The 2010-2011 season saw Owens’ Ring cycle debut as Alberich in Wagner’s Das Rheingold in Robert Lepage’s new production at the Metropolitan Opera, conducted by James Levine on the opening night of the Metropolitan’s season. Universally praised, Owens’s performance was considered a standout of the production. The 2010-2011 season also saw Owens as Ramfis in Aida at San Francisco Opera, and in the title role in Peter Sellars’s new Hercules at Lyric Opera of Chicago. On the concert stage, Owens appeared as Lodovico in Otello with the Chicago Symphony Orchestra and conductor Riccardo Muti in performances at Symphony Center in Chicago and Carnegie Hall in New York.

During tbe 2011-2012 season, Owens appears in recital with Robert Spano at Zankel Hall, the centerpiece of a coast-to-coast recital tour that also features pianist Craig Rutenberg. He returns to Carnegie Hall twice more this spring: with the Boston Symphony in Beethoven’s Missa Solemnis, and as Jochanaan in a concert version of Salome with the Cleveland Orchestra, under the baton of Franz Welser-Möst. At the Metropolitan Opera, Owens returns as the vengeful Alberich in the final installments of Robert Lepage's new Ring Cycle, Siegfried and Götterdämmerung, both of which will be broadcast live in high definition to cinemas around the world. He also joins Pinchas Zukerman and the National Arts Centre Orchestra for Verdi’s Requiem, and reprises his role as The Storyteller in A Flowering Tree with Robert Spano and the Atlanta Symphony. During the summer, Owens will serve as Artist-in-Residence at the Glimmerglass Festival, where he appears in Aïda, Kurt Weill’s Lost in the Stars, and in a solo evening of cabaret and popular song.

Owens has created an uncommon niche for himself in the ever-growing body of contemporary opera works through his determined tackling of new and challenging roles. He received great critical acclaim for portraying the title role in the world premiere of Elliot Goldenthal’s Grendel with the Los Angeles Opera, and again at the Lincoln Center Festival, in a production directed and designed by Julie Taymor. Owens also enjoys a close association with John Adams, for whom he created the role of General Leslie Groves in the world premiere of Doctor Atomic at the San Francisco Opera, and of the Storyteller in the world premiere of A Flowering Tree at Peter Sellars’s New Crowned Hope Festival in Vienna and later with the Los Angeles Philharmonic. Owens made his Boston Symphony Orchestra debut under the baton of David Robertson in Adams’s Nativity oratorio El Niño.
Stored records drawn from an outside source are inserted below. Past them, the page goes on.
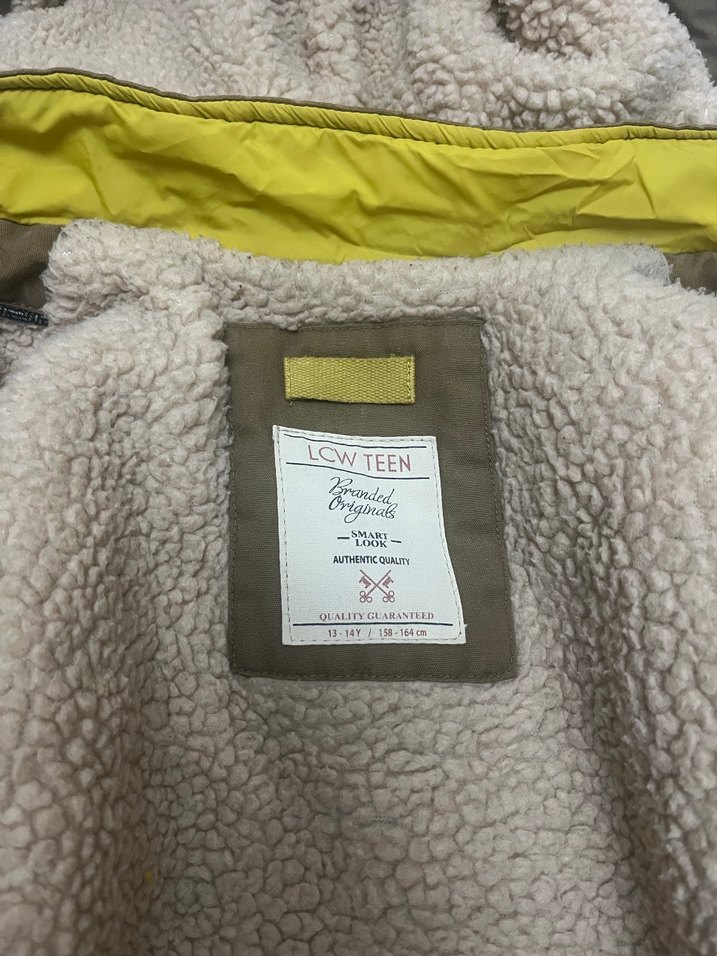 Bej Düğmeli Erkek Çocuk Kaban - Görsel 3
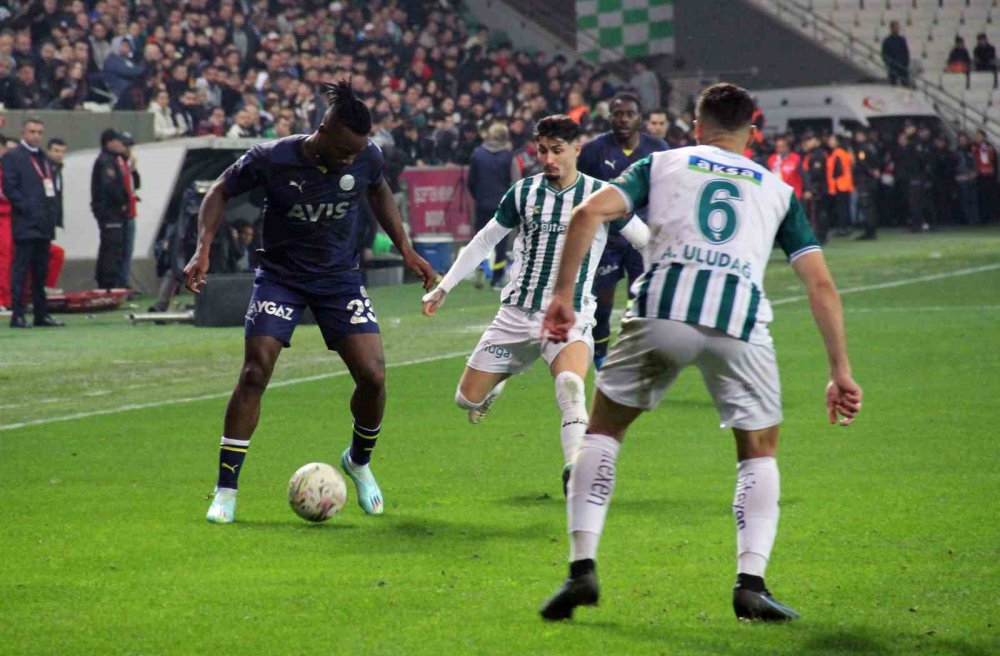 SPOR TOTO SÜPER LİG'İN 33. HAFTASINDA FENERBAHÇE DEPLASMANDA KARŞILAŞTIĞI GİRESUNSPOR İLE 1 - 1 BERABERE KALDI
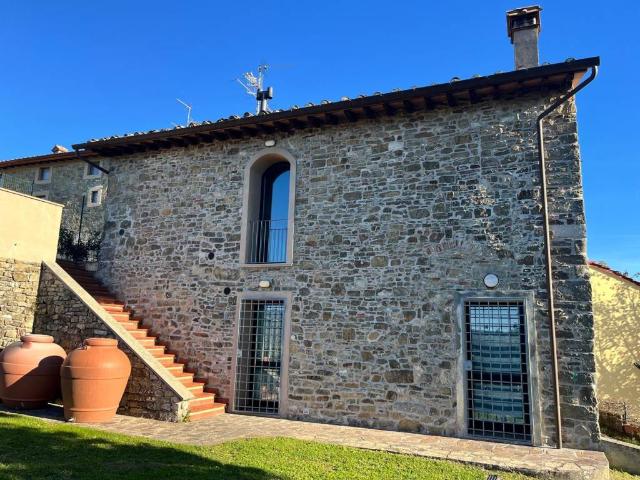 Rustico in vendita a Le Confina, Vernio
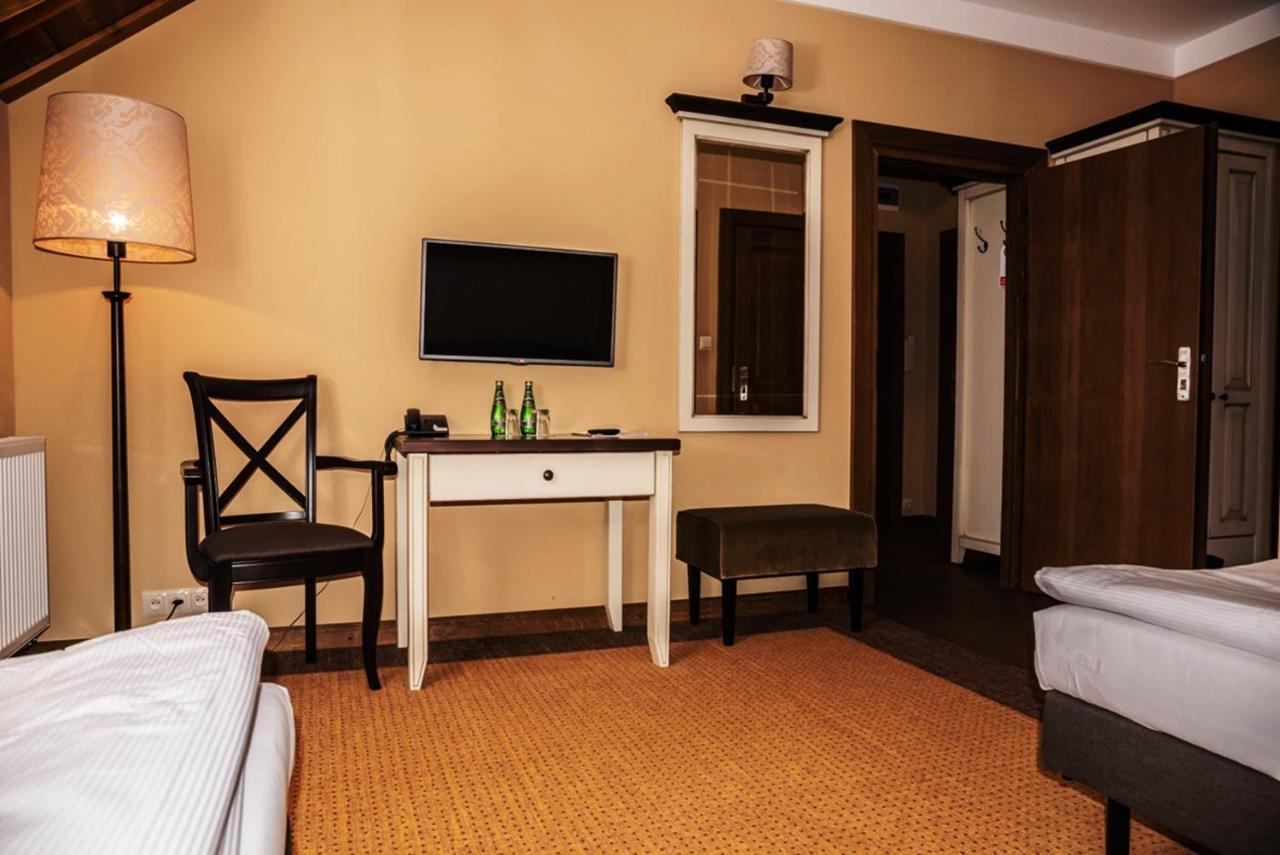 Hotel Folwark Lekuk à Łękuk Mały Extérieur photo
Owens’s career operatic highlights include his San Francisco Opera debut in Otello conducted by Donald Runnicles; his Royal Opera, Covent Garden, debut in Norma; Aida at Houston Grand Opera; Rigoletto, Il Trovatore and La Bohème at Los Angeles Opera; Die Zauberflöte for his Paris Opera (Bastille) debut; and Ariodante and L’Incoronazione di Poppea at the English National Opera. He sang Collatinus in a highly acclaimed Christopher Alden production of Britten’s The Rape of Lucretia at Glimmerglass Opera. A former member of the Houston Grand Opera Studio, Owens has sung Sarastro, Mephistopheles in Faust, Frère Laurent, Angelotti in Tosca, and Aristotle Onassis in the world premiere of Jackie O (available on the Argo label) with that company. Owens is featured on two Telarc recordings with the Atlanta Symphony: Mozart’s Requiem and scenes from Strauss’ Elektra and Die Frau ohne Schatten, both under the baton of Donald Runnicles. He is featured on the Nonesuch Records release of A Flowering Tree. In addition to great popular and critical acclaim, Owens has been recognized with multiple awards, including the 2003 Marian Anderson Award, a 1999 ARIA award, and second prize in the Plácido Domingo Operalia Competition, the Metropolitan Opera National Council Auditions and the Luciano Pavarotti International Voice Competition.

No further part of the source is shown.